Une régulation est-elle possible ? Les capacités des territoires à réguler les activités de ces plateformes sont limitées d’après S. Grumbach. Celles-ci opèrent sur les territoires bien souvent sans rencontrer de barrières, parce que nombre d’Etats défendent un principe d’ouverture a priori de l’Internet, que les citoyens adoptent rapidement et massivement leurs services, que les réponses juridiques n’existent pas encore, etc. En outre, l’Europe ne dispose d’aucune plateforme importante susceptible de rivaliser avec les grandes plateformes américaines… Alors, qui dit la loi aujourd’hui sur le territoire ? L’Etat bien sûr, mais aussi les plateformes qui détiennent un pouvoir croissant. Un défi de taille pour l’administration locale et nationale !

 

Retrouvez l'intégralité de la conférence en vidéo sur le site du Conseil de Développement.

 

Les « Grands Témoins »

Hervé Rivano est chargé de recherche à l’INRIA/INSA Lyon. Il dirige l’équipe UrbaNet (pour « Urban Networks ») qui travaille autour des problématiques d’étude et de développement de réseaux capillaires prenant en compte les spécificités de l’environnement urbain.

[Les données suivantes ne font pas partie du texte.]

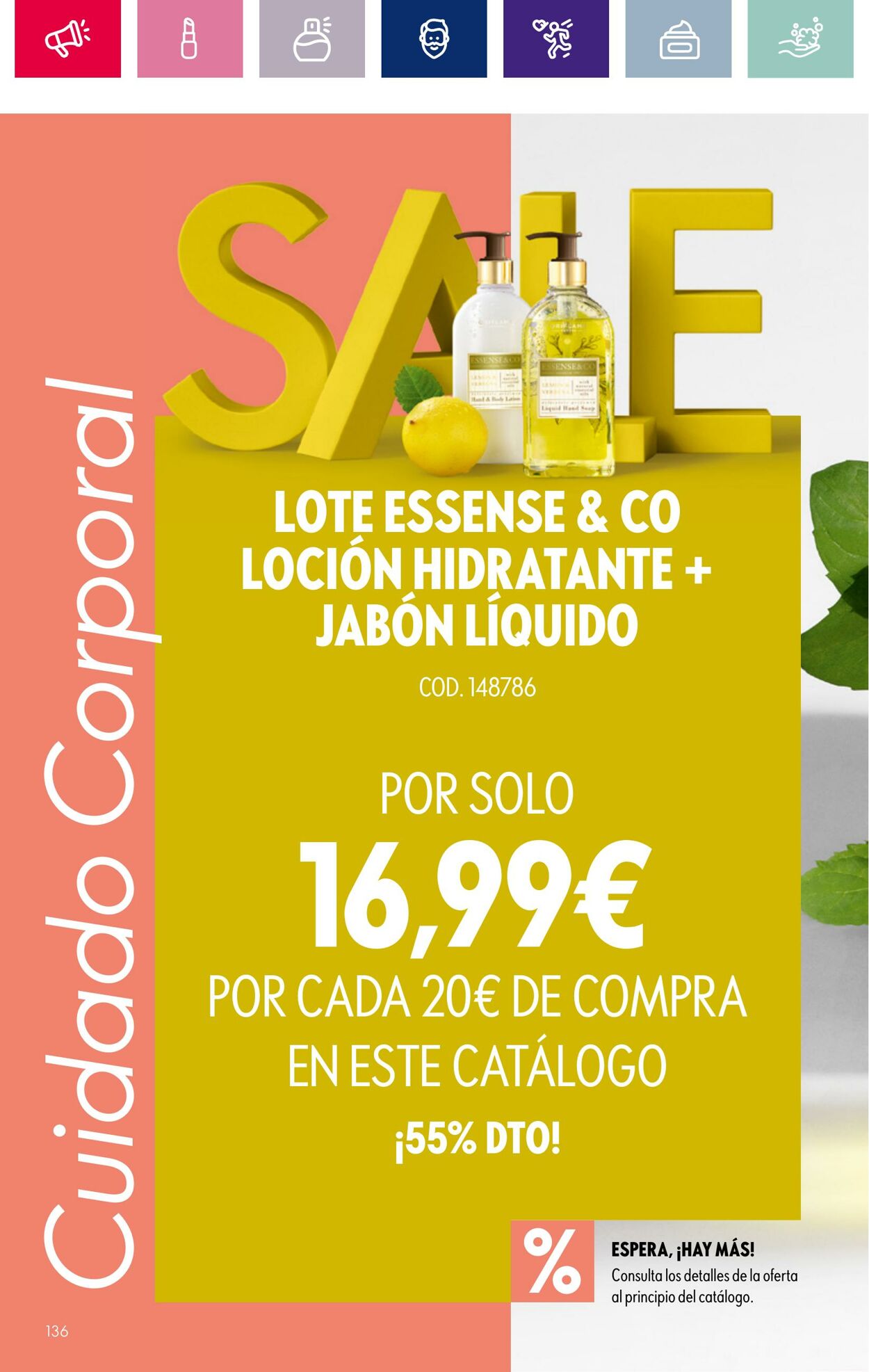 Folleto Oriflame 02.01.2024 - 22.01.2024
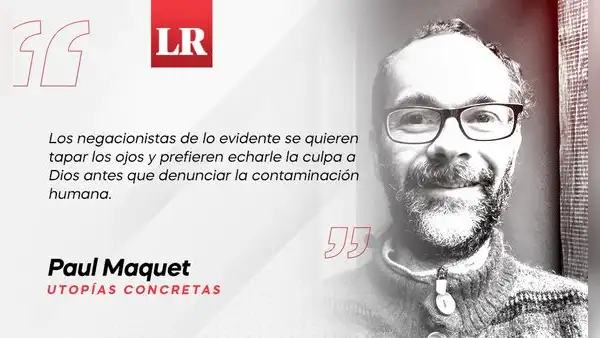 Sequías, lluvias y nevadas, Paul E. Maquet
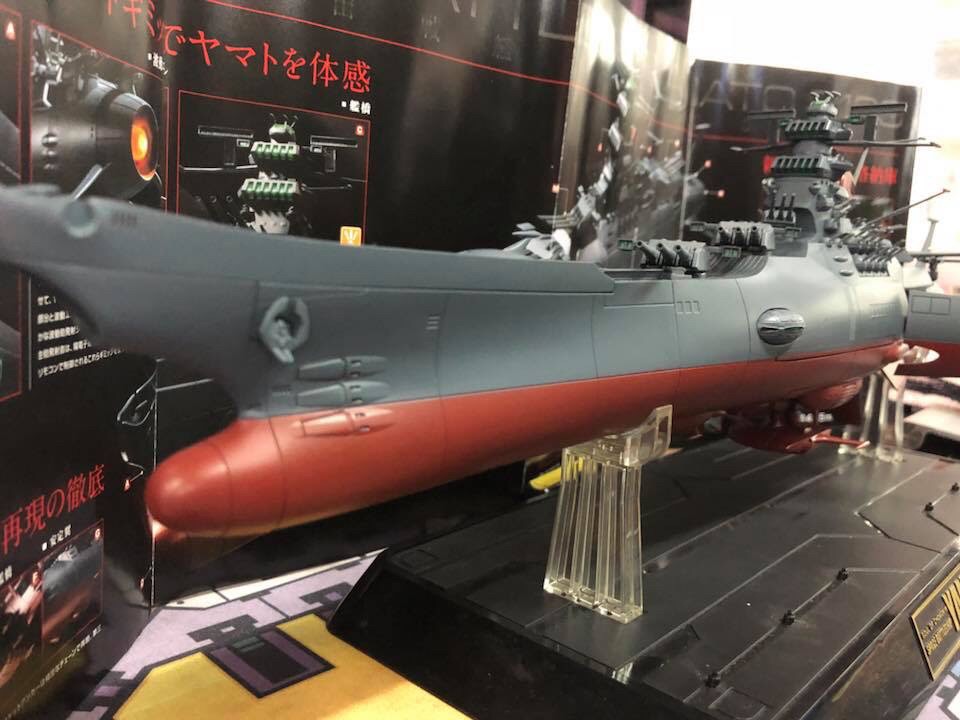 SOUL OF CHOGOKIN GX-64 Space Battleship Yamato 2199 by Bandai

Elisabeth Grosdhomme Lulin est directeur général de Paradigmes et cætera, société d’études et de conseil qu’elle a fondée en 1998, consacrée à la prospective et à l’innovation. Elle est également administrateur de plusieurs entreprises cotées. Elle a signé de nombreux articles et textes, dont deux rapports pour l’Institut de l’Entreprise : Gouverner à l’ère des algorithmes : promesses et périls du service public « augmenté » (2015) et Service public 2.0 (2013).

Directeur de recherche à l’InriaStéphane Grumbach est responsable de l’équipe Dice (Données de l’Internet au Cœur de l’Economie), et directeur adjoint de l’IXXI (Institut Rhône-Alpin des Systèmes Complexes). Spécialiste de bases de données, il est l’auteur d’un grand nombre d’articles où notamment, il développe et analyse les effets de l’intermédiation algorithmique (Bulletin de la société informatique de France, novembre 2015).